#### [Activity]
Exclude the pictures from your copy, and reproduce each entry below verbatim.

Start of Data shown

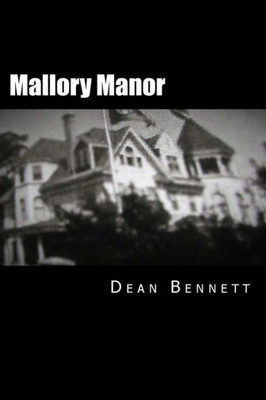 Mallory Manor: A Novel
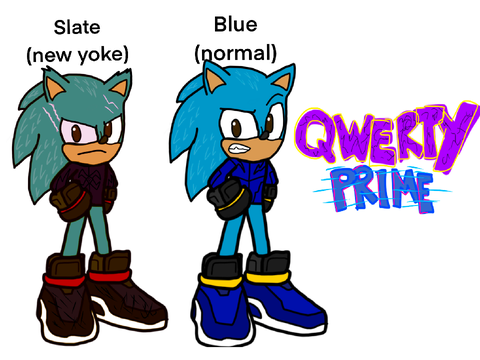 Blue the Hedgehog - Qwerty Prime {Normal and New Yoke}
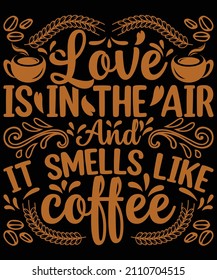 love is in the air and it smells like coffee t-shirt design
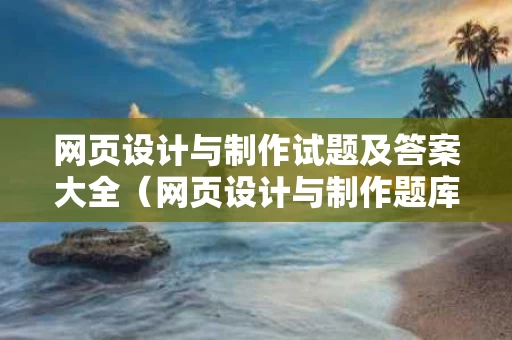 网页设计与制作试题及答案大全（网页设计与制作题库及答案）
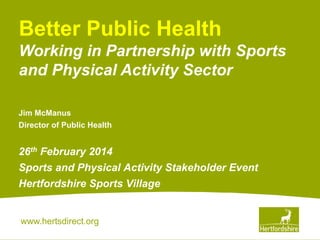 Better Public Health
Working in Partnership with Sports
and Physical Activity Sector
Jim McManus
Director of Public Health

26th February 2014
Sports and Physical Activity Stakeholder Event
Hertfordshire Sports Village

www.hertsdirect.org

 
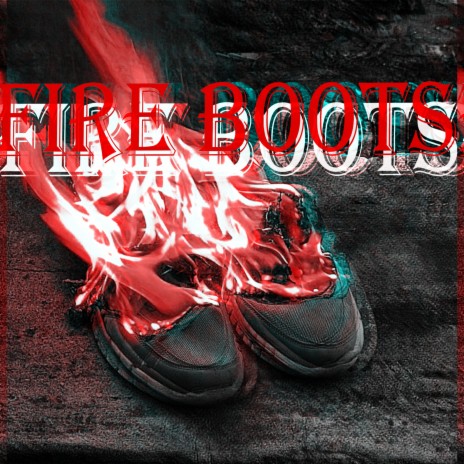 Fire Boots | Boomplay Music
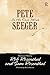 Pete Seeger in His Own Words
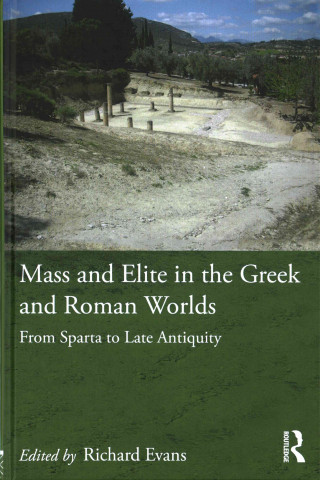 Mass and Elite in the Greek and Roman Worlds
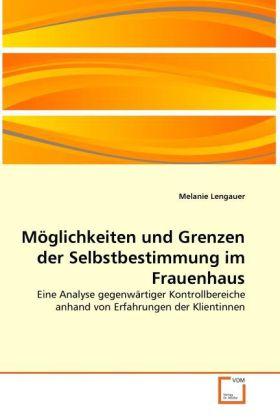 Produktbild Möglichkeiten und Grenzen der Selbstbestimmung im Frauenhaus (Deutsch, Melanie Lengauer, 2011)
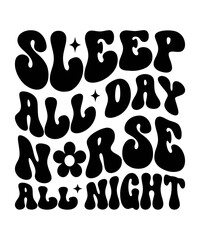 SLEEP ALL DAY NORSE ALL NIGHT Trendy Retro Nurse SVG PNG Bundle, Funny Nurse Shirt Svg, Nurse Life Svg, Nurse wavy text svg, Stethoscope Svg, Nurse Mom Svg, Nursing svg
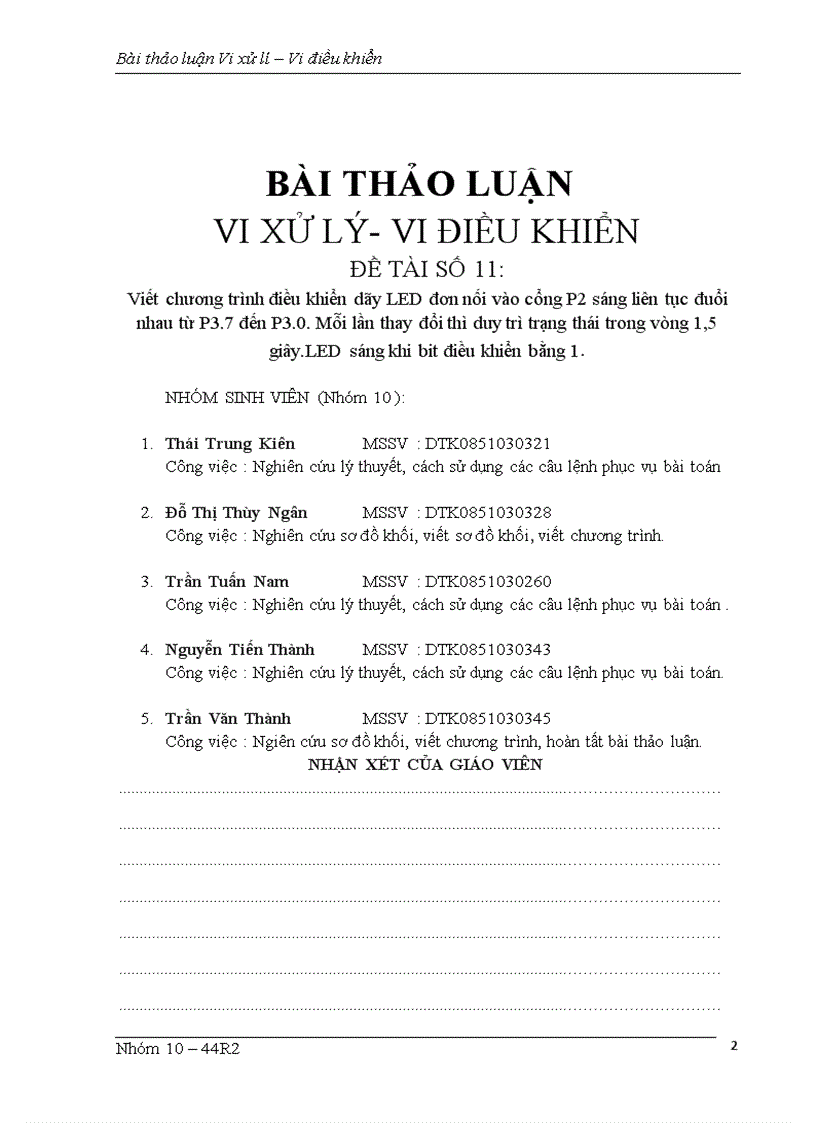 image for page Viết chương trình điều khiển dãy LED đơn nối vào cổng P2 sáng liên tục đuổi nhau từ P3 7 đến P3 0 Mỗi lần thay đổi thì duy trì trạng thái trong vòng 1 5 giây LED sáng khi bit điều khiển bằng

End of Data shown

#### [Reply to the task]
 Mallory Manor: A Novel
 Blue the Hedgehog - Qwerty Prime {Normal and New Yoke}
 love is in the air and it smells like coffee t-shirt design
 网页设计与制作试题及答案大全（网页设计与制作题库及答案）
 Better Public Health
Working in Partnership with Sports
and Physical Activity Sector
Jim McManus
Director of Public Health

26th February 2014
Sports and Physical Activity Stakeholder Event
Hertfordshire Sports Village

www.hertsdirect.org

 
 Fire Boots | Boomplay Music
 Pete Seeger in His Own Words
 Mass and Elite in the Greek and Roman Worlds
 Produktbild Möglichkeiten und Grenzen der Selbstbestimmung im Frauenhaus (Deutsch, Melanie Lengauer, 2011)
 SLEEP ALL DAY NORSE ALL NIGHT Trendy Retro Nurse SVG PNG Bundle, Funny Nurse Shirt Svg, Nurse Life Svg, Nurse wavy text svg, Stethoscope Svg, Nurse Mom Svg, Nursing svg
 image for page Viết chương trình điều khiển dãy LED đơn nối vào cổng P2 sáng liên tục đuổi nhau từ P3 7 đến P3 0 Mỗi lần thay đổi thì duy trì trạng thái trong vòng 1 5 giây LED sáng khi bit điều khiển bằng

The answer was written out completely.